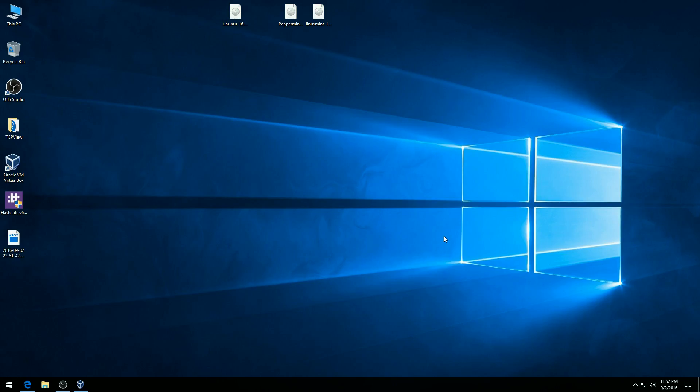Welcome back to Switched to Linux. This is Tom. So today we're going to have a look at how to set up VirtualBox on a Windows 10 machine so that we can explore some different Linux distributions.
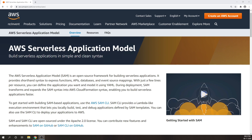AWS SAM is based on AWS CloudFormation, which defines serverless applications with templates. Essentially, a CloudFormation template is now the same thing as an AWS SAM template. AWS SAM shows developers what objects they can use in a template to model a serverless application.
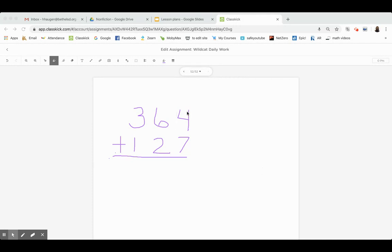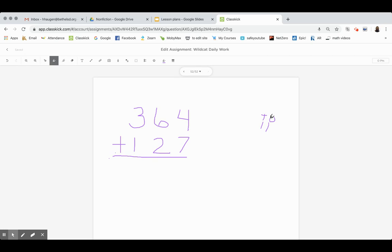First, we start with the ones place, and we know that 4 plus 7 equals 11. If we look over here at the number 11, we know that we have 1 ten and 1 one. That is where we need to put the numbers in our answer. We will put 1 ten and 1 one.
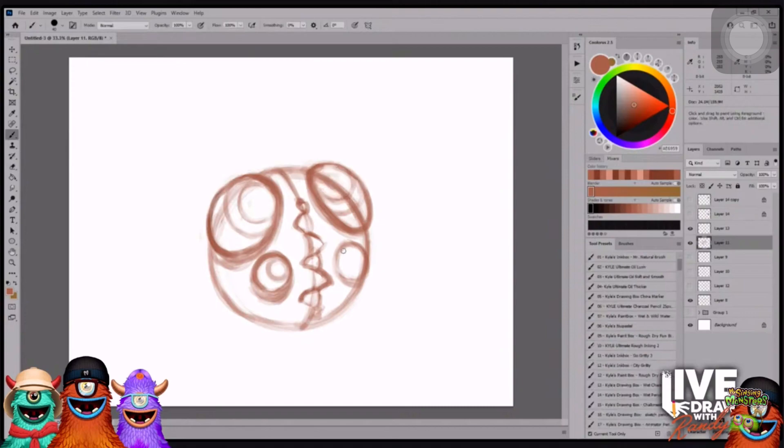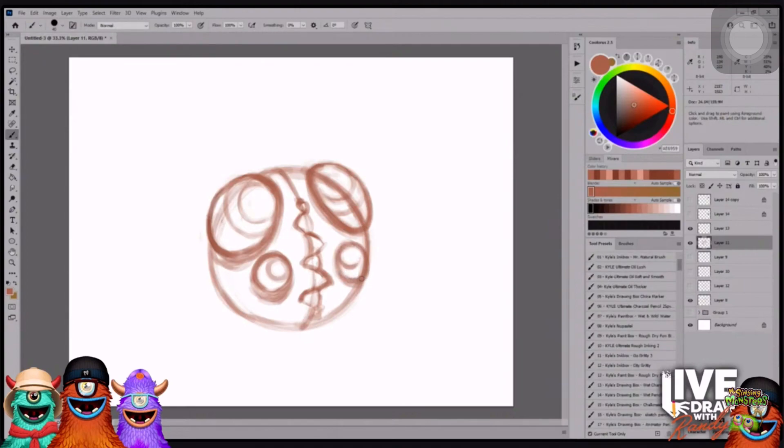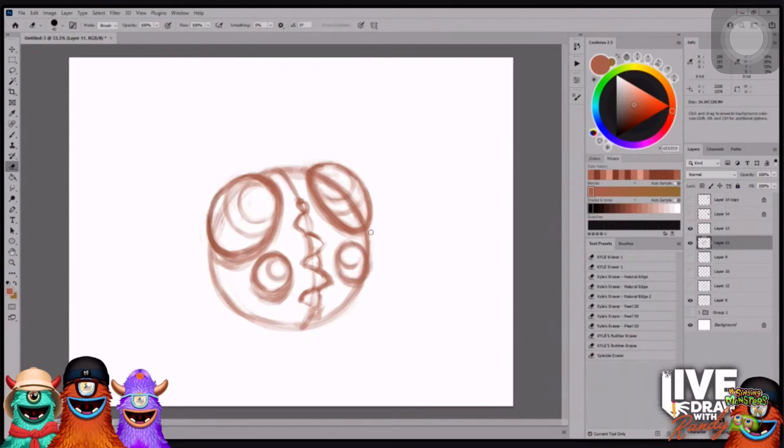Now, we are still waiting for any ideas the community has for names of this fun thumpy we're creating. If you've got an idea for a fun thumpy name, throw it in the chat.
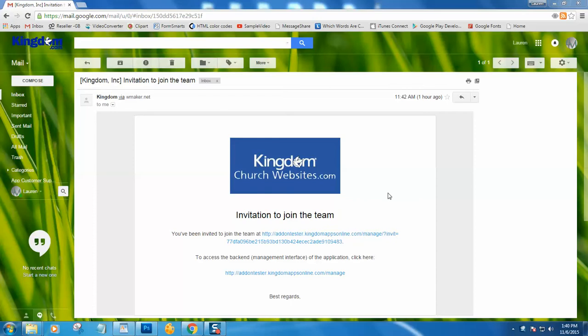In the previous tutorial, we learned about creating and activating your account. In the activation email, we used this invitation URL to create our account and log in.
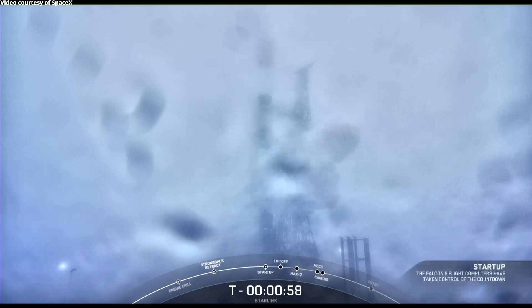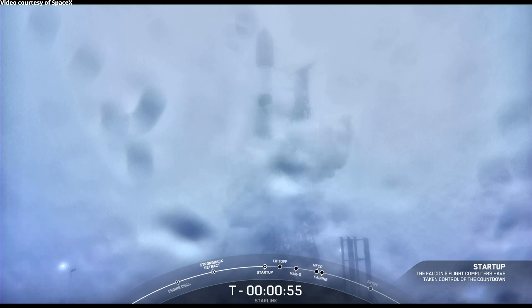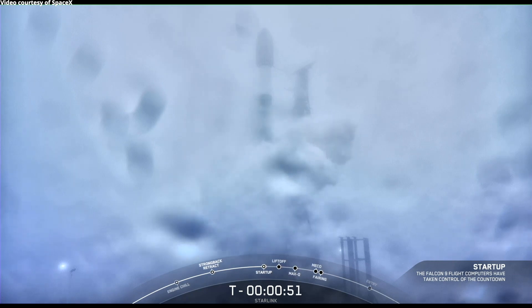Falcon 9 is in startup. There's that call-out that Falcon 9 is in startup. And next we should hear that the launch director will be go for launch.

** Problem description **
When copying the listing, skip the pictures and keep each line exactly as written.

** Your solution **
Welcome back to Switched to Linux. This is Tom. So today we're going to have a look at how to set up VirtualBox on a Windows 10 machine so that we can explore some different Linux distributions.
AWS SAM is based on AWS CloudFormation, which defines serverless applications with templates. Essentially, a CloudFormation template is now the same thing as an AWS SAM template. AWS SAM shows developers what objects they can use in a template to model a serverless application.
First, we start with the ones place, and we know that 4 plus 7 equals 11. If we look over here at the number 11, we know that we have 1 ten and 1 one. That is where we need to put the numbers in our answer. We will put 1 ten and 1 one.
Now, we are still waiting for any ideas the community has for names of this fun thumpy we're creating. If you've got an idea for a fun thumpy name, throw it in the chat.
In the previous tutorial, we learned about creating and activating your account. In the activation email, we used this invitation URL to create our account and log in.
Falcon 9 is in startup. There's that call-out that Falcon 9 is in startup. And next we should hear that the launch director will be go for launch.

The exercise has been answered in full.